---- INPUT DATA

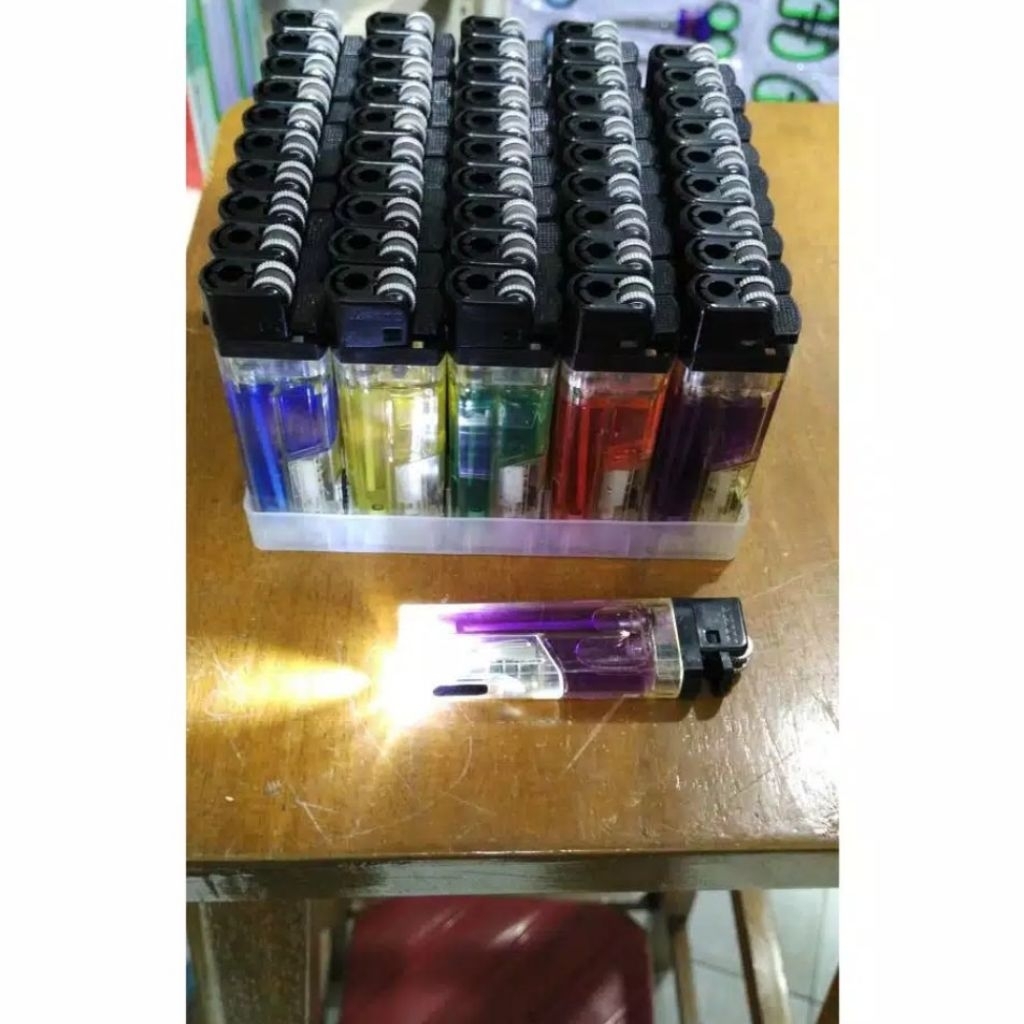 Mancis Rokok Senter 1 dus isi 20 box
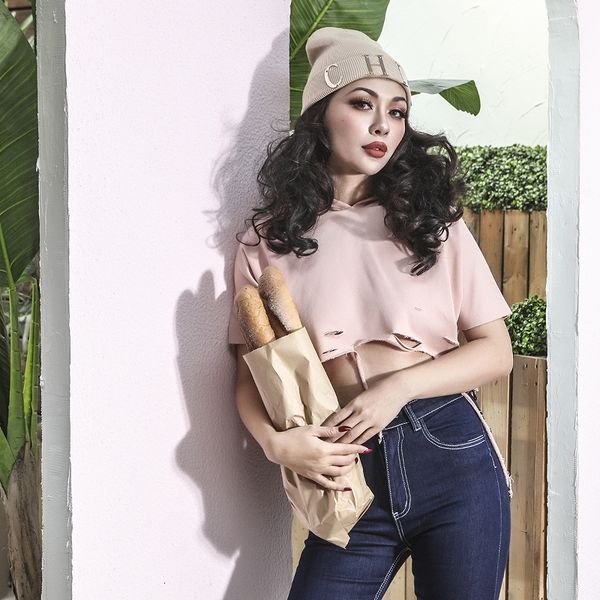 

2021 new elegant autumn cutting holes short hoodies section pure pink women sleeved single type of cotton male fi82, Black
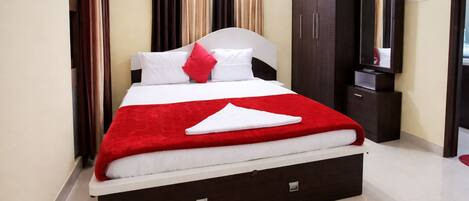 Hypo-allergenic bedding, desk, soundproofing, free WiFi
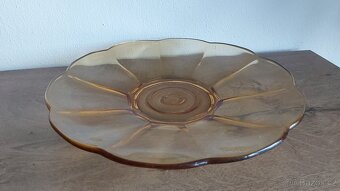 Skleněný tác - 2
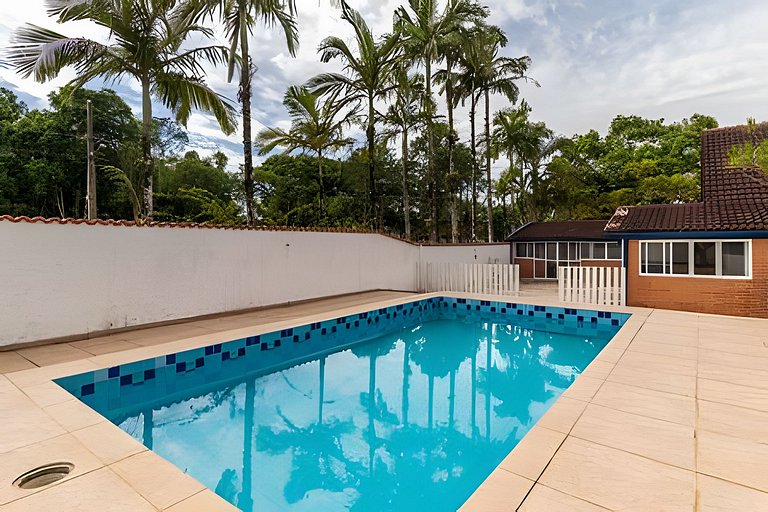 Paraíso no Atami, Casa com Piscina, A/C e Churras!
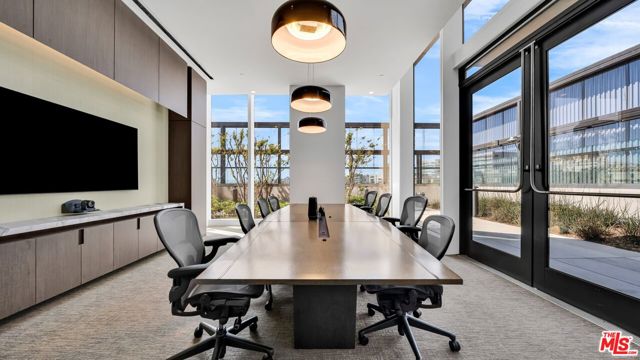 889 Francisco Street, Los Angeles CA: https://media.crmls.org/mediaz/c888c453-bb26-41b3-81c5-31b125137209.jpg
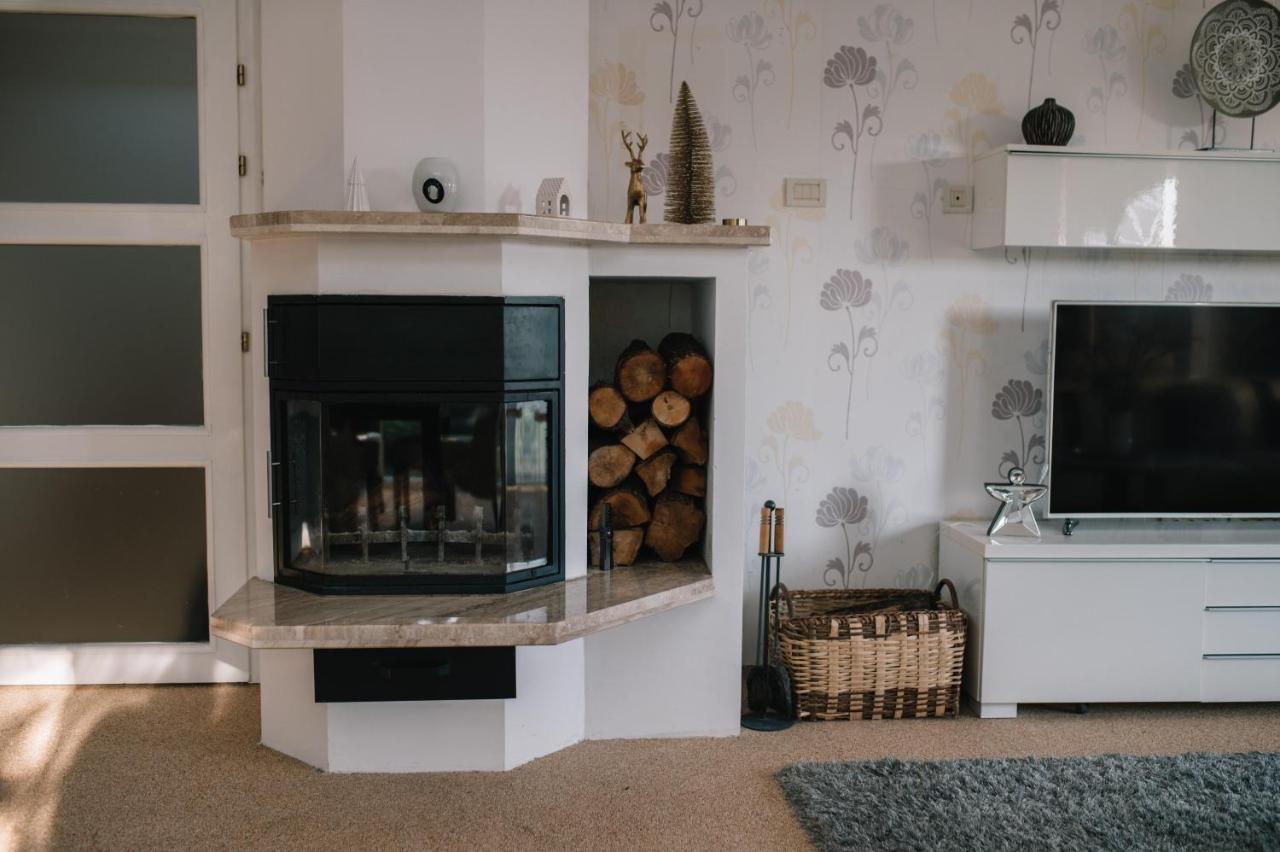 Ferienhaus Siroki Brijeg Екстер'єр фото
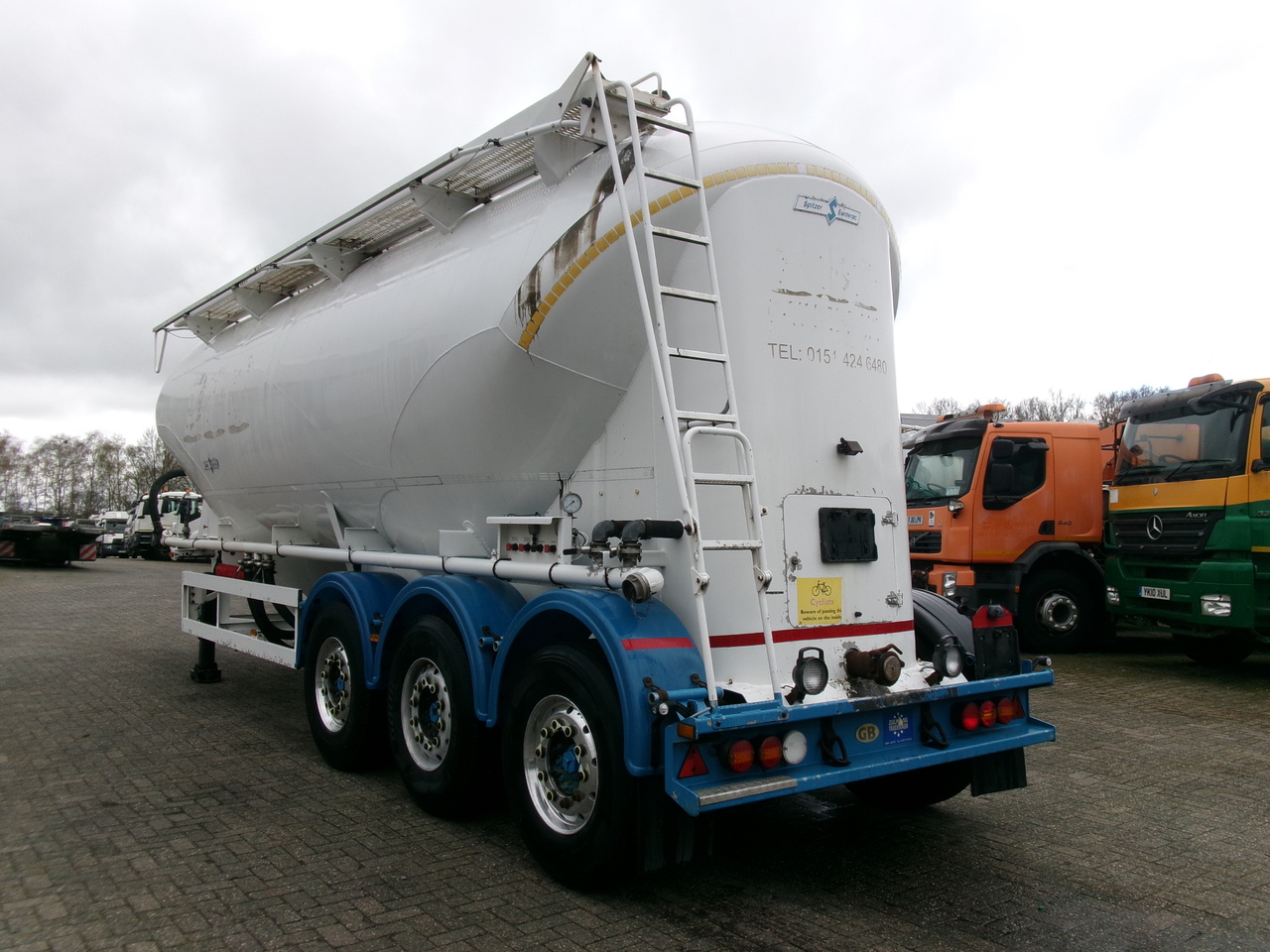 Tank semi-trailer for transportation of flour Spitzer Powder tank alu 37 m3 / 1 comp: picture 3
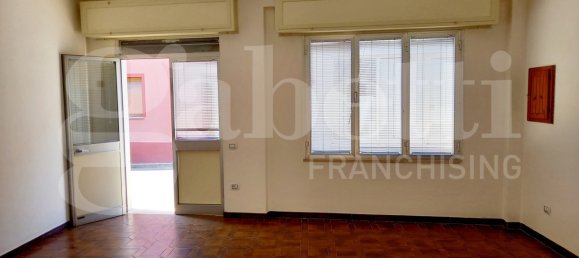 Escritório de 1 divisão em Capoterra, Italy N.º 143383 4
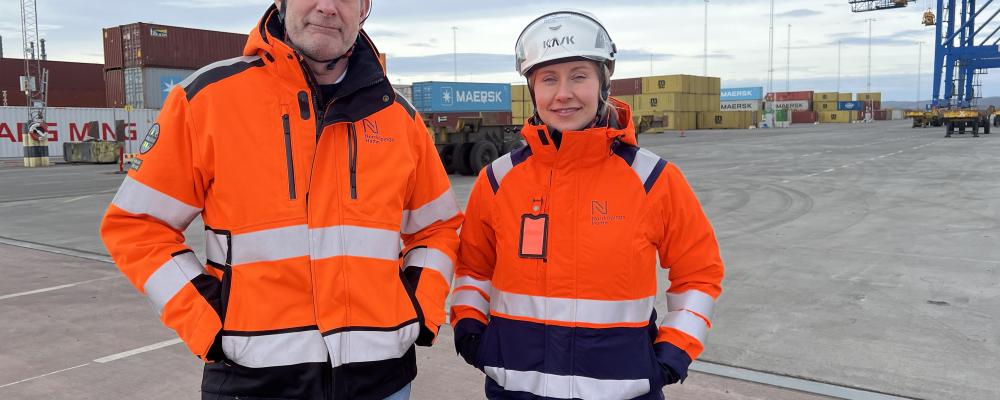 Hans Karlsson och Ewelina Traskowska-Lundén från Norrköpings Hamn som arbetat med ansökan tillsammans med Norrköpings kommun och Södertälje Hamn.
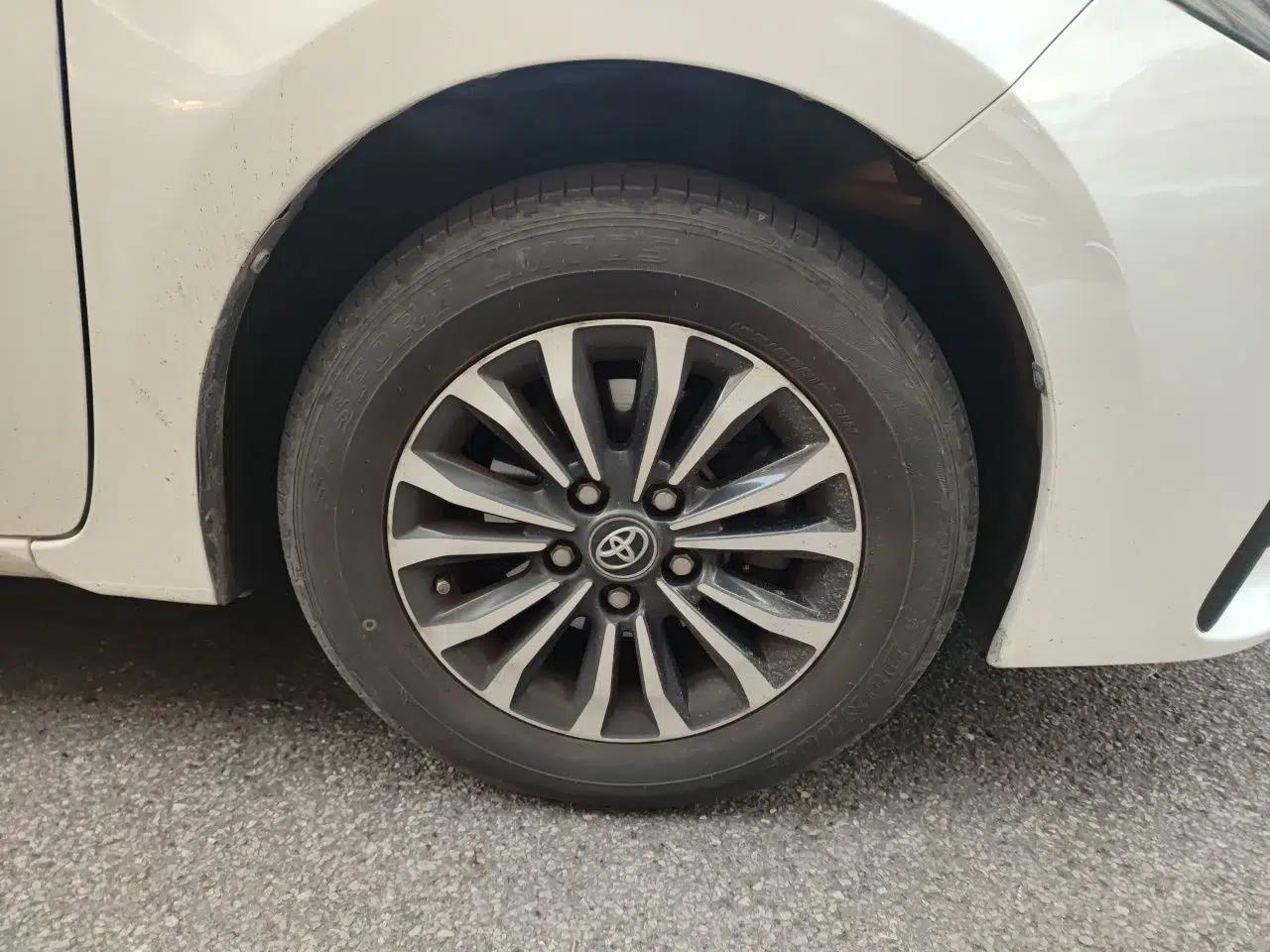 Toyota Corolla 2018 1.2T S-CVT GL-i Zhihui Edition — миниатюра 8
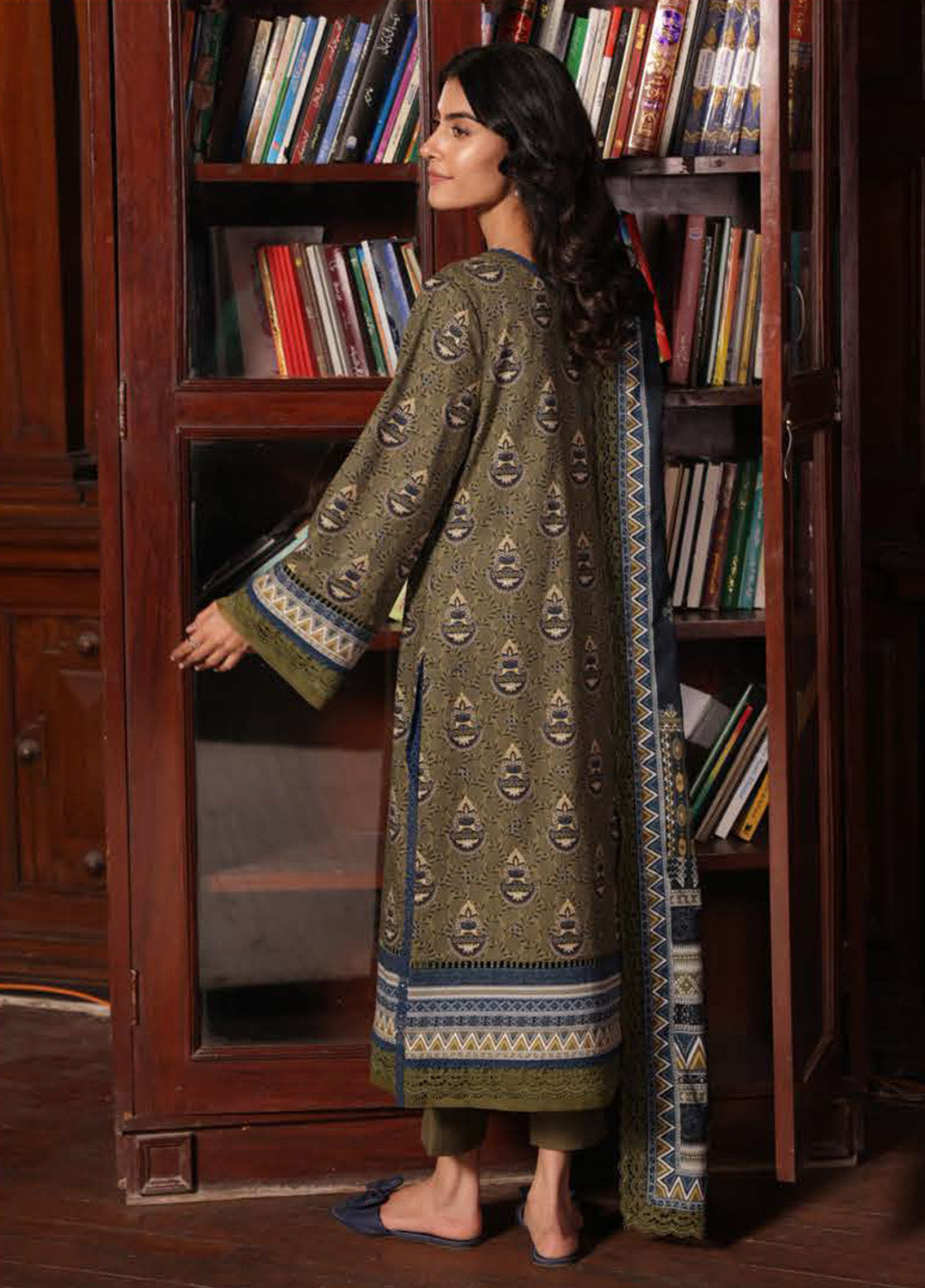 Prints By Asim Jofa Printed Lawn 3 Piece Unstitched Suit AJ25PV3 D-AJUBJ-37 Prints By Asim Jofa Printed Lawn 3 Piece Unstitched Suit AJ25PV3 D-AJUBJ-37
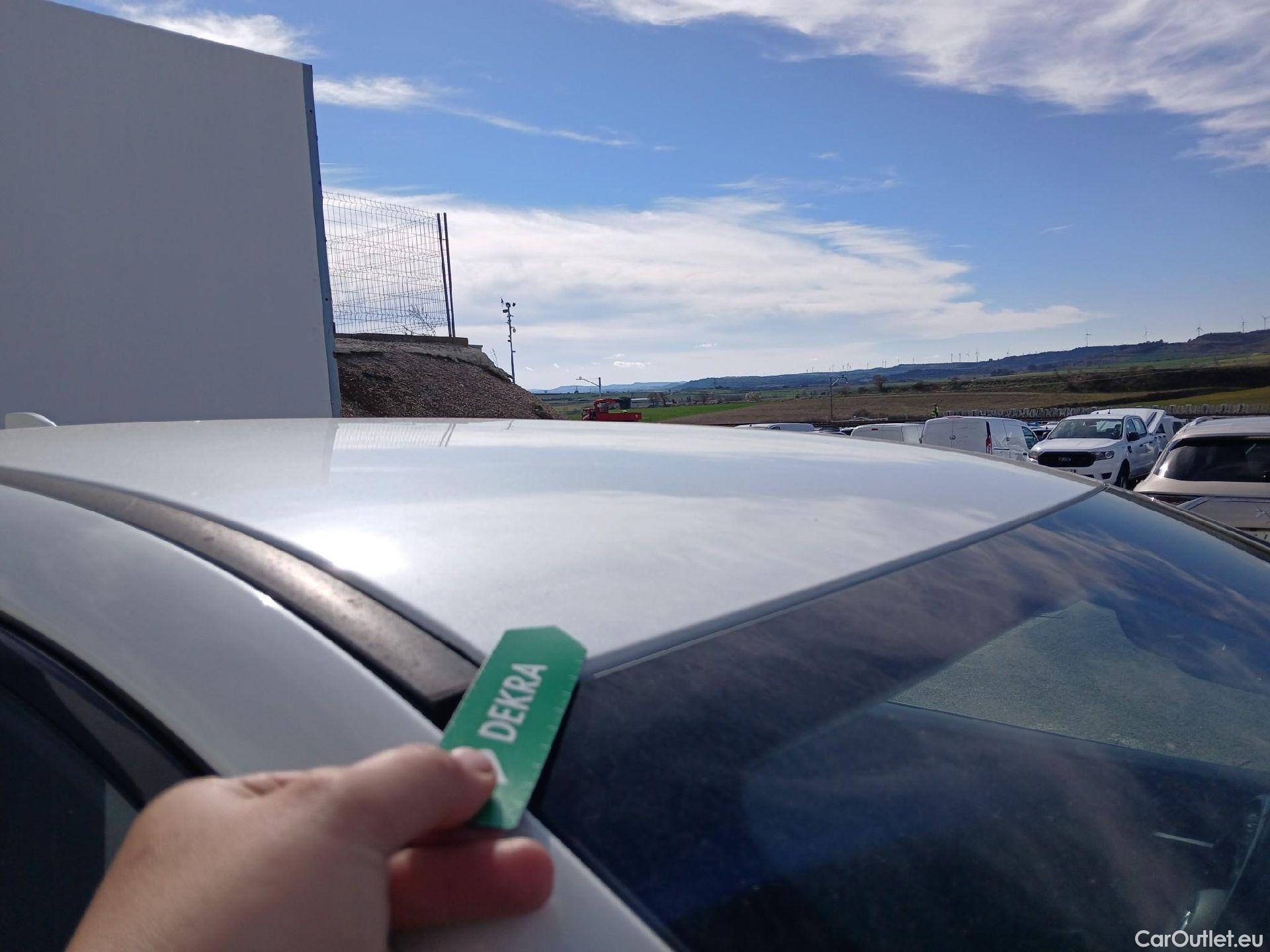  Nissan  Qashqai NISSAN  / 2021 / 5P / todoterreno DIG-T 116kW (158CV) mHEV Xtronic Acenta (AC2) #27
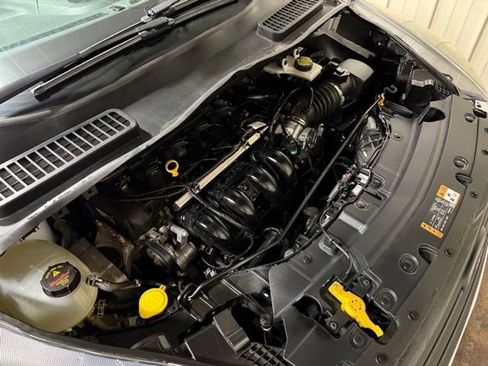 Used 2019 Ford Escape S image 40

--------

**DESCRIPTION OF THE TASK**
None of the pictures belongs in the answer, but all the entries must be repeated exactly.

**EXPECTED ANSWER**
 Mancis Rokok Senter 1 dus isi 20 box

2021 new elegant autumn cutting holes short hoodies section pure pink women sleeved single type of cotton male fi82, Black
 Hypo-allergenic bedding, desk, soundproofing, free WiFi
 Skleněný tác - 2
 Paraíso no Atami, Casa com Piscina, A/C e Churras!
 889 Francisco Street, Los Angeles CA: https://media.crmls.org/mediaz/c888c453-bb26-41b3-81c5-31b125137209.jpg
 Ferienhaus Siroki Brijeg Екстер'єр фото
 Tank semi-trailer for transportation of flour Spitzer Powder tank alu 37 m3 / 1 comp: picture 3
 Escritório de 1 divisão em Capoterra, Italy N.º 143383 4
 Hans Karlsson och Ewelina Traskowska-Lundén från Norrköpings Hamn som arbetat med ansökan tillsammans med Norrköpings kommun och Södertälje Hamn.
 Toyota Corolla 2018 1.2T S-CVT GL-i Zhihui Edition — миниатюра 8
 Prints By Asim Jofa Printed Lawn 3 Piece Unstitched Suit AJ25PV3 D-AJUBJ-37 Prints By Asim Jofa Printed Lawn 3 Piece Unstitched Suit AJ25PV3 D-AJUBJ-37
  Nissan  Qashqai NISSAN  / 2021 / 5P / todoterreno DIG-T 116kW (158CV) mHEV Xtronic Acenta (AC2) #27
 Used 2019 Ford Escape S image 40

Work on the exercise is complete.